:: YOUR TASK ::
In the listing that follows, the range to quote begins at the line that has "Eine Tasse Tee" and ends after the line that has "Photo of Tasty"; quote it verbatim and add nothing.

═════ PROVIDED MATERIAL ═════

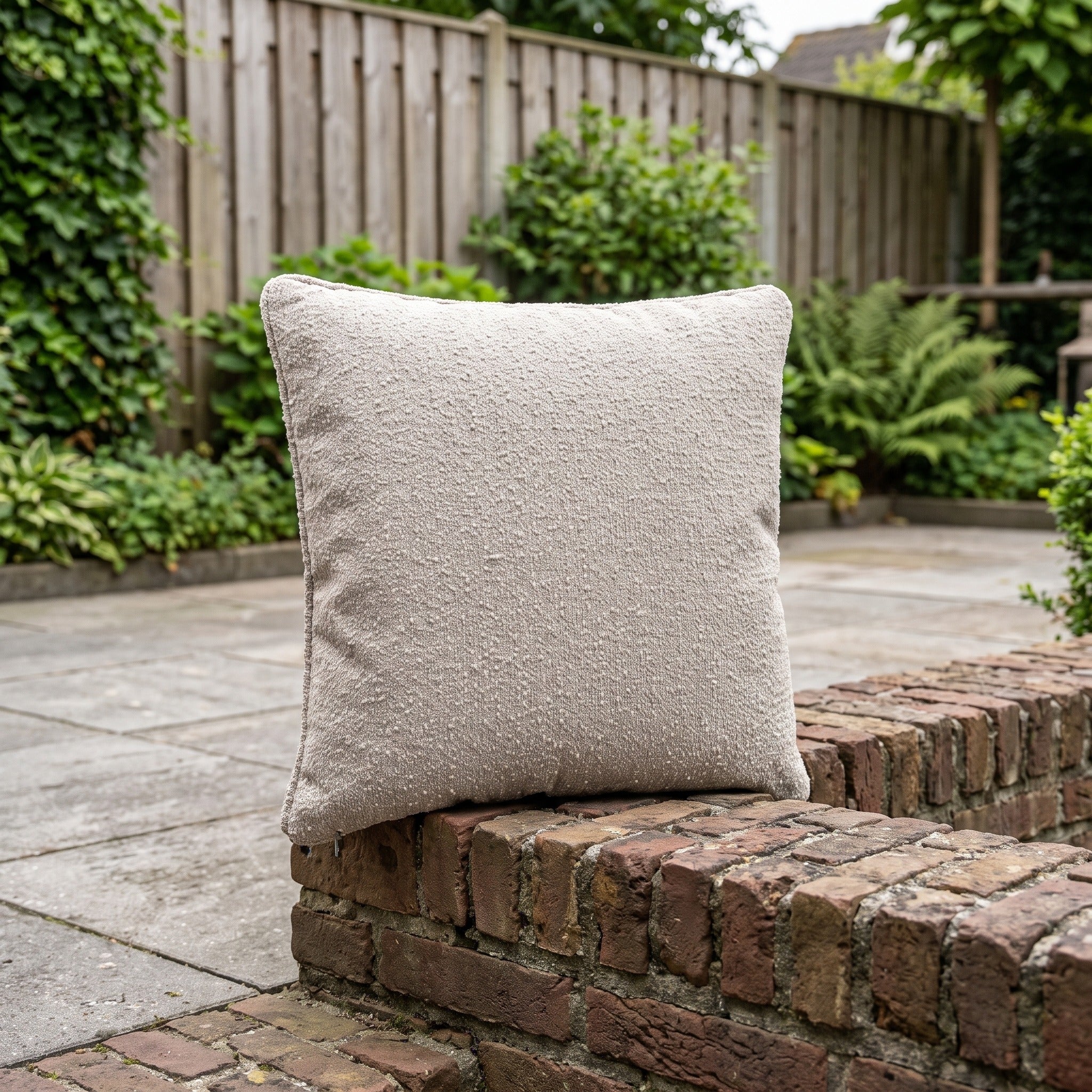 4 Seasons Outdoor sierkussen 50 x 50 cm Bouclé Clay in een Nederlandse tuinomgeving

═════
═════ PROVIDED MATERIAL ═════

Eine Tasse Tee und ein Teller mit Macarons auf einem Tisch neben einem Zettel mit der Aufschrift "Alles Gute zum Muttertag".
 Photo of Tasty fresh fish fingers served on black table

═════

:: EXERCISE ANSWER ::
Eine Tasse Tee und ein Teller mit Macarons auf einem Tisch neben einem Zettel mit der Aufschrift "Alles Gute zum Muttertag".
 Photo of Tasty fresh fish fingers served on black table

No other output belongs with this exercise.